Is there a way to get dot, matmul, or tensordot to do all these dot products at once, on multiple cores?

Answer 1

First of all, there is no direct BLAS function to do that. Using many level 1 BLAS function calls is not very efficient since using multiple threads for a very short-timed computation tends to introduce a pretty-big overhead and not using multiple threads may be sub-optimal. Still, such computation is mainly memory-bound and so it scales poorly on platform with many cores (few cores are often enough to saturate the memory bandwidth).

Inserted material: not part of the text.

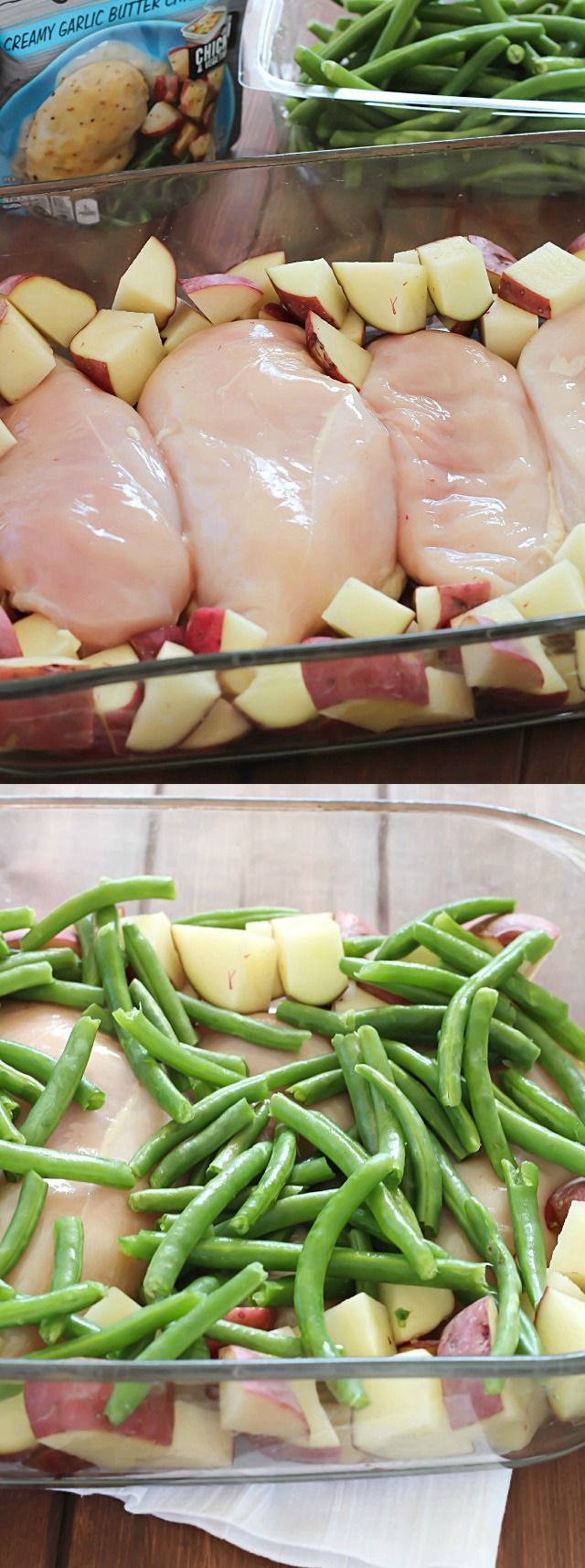 Easy {One Pot} Garlic Butter Chicken, Green Beans & Potatoes – an easy dinner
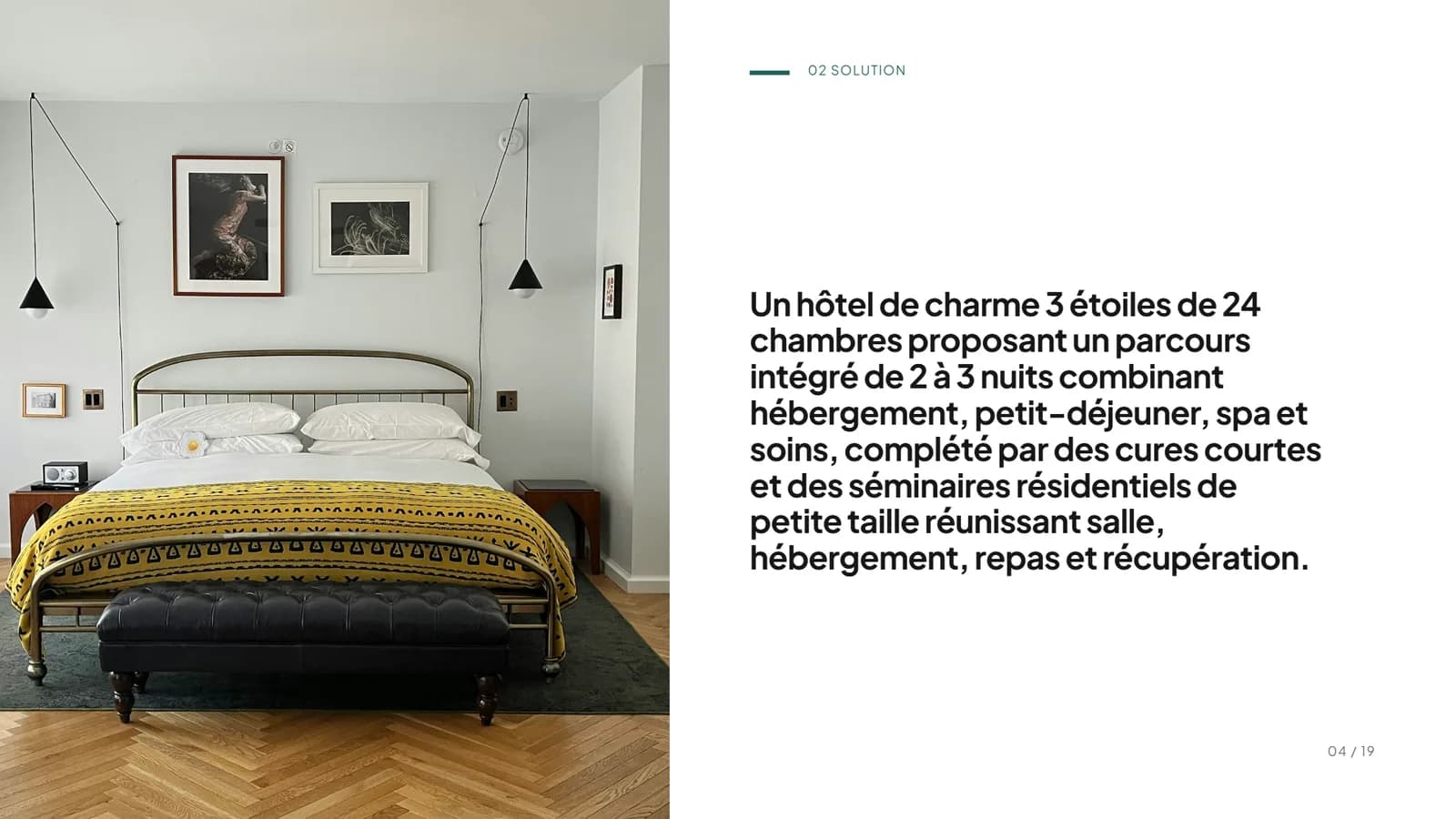 Exemple de pitch deck hôtel Grand Hôtel des Sources, slide 4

One simple solution is to use the Numexpr package which should do that quite efficiently (it should avoid the creation of temporary arrays and should also use multiple threads). However, the performance is somewhat disappointing for big arrays in this case.

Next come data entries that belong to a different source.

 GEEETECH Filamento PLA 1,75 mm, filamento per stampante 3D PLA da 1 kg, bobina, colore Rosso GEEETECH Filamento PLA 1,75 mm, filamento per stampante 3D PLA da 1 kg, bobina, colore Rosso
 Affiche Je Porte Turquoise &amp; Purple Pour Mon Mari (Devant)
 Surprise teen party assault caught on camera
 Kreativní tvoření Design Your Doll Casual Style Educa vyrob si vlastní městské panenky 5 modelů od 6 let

The best solution appears to use Numba (or Cython). Numba can generate a fast code for both small and big input arrays and it is easy to parallelize the code. However, please note that managing threads introduces an overhead which can be quite big for small arrays (up to few ms on some many-core platforms).

Here is a Numexpr implementation:

import numexpr as ne
expr = ne.NumExpr('sum(a * b, axis=1)')
result = expr.run(a, b)

Here is a (sequential) Numba implementation:

import numba as nb

# Use `parallel=True` for a parallel implementation
@nb.njit('float64[:](float64[:,::1], float64[:,::1])')
def multiDots(a, b):
    assert a.shape == b.shape
    n, m = a.shape
    res = np.empty(n, dtype=np.float64)

    # Use `nb.prange` instead of `range` to run the loop in parallel
    for i in range(n):
        s = 0.0
        for j in range(m):
            s += a[i,j] * b[i,j]
        res[i] = s

    return res

result = multiDots(a, b)

Here are some benchmarks on a (old) 2-core machine:

On small 5x3 arrays:
    np.einsum('ij,ij->i', a, b, optimize=True):  45.2 us
    Numba (parallel):                            12.1 us
    np.sum(a*b, axis=1):                          9.5 us
    np.einsum('ij,ij->i', a, b):                  6.5 us
    Numexpr:                                      3.2 us
    inner1d(a, b):                                1.8 us
    Numba (sequential):                           1.3 us

On small 1000000x3 arrays:
    np.sum(a*b, axis=1):                         27.8 ms
    Numexpr:                                     15.3 ms
    np.einsum('ij,ij->i', a, b, optimize=True):   9.0 ms
    np.einsum('ij,ij->i', a, b):                  8.8 ms
    Numba (sequential):                           6.8 ms
    inner1d(a, b):                                6.5 ms
    Numba (parallel):                             5.3 ms

The sequential Numba implementation gives a good trade-off. You can use a switch if you really want the best performance. Choosing the best n threshold in a platform-independent way is not so easy though.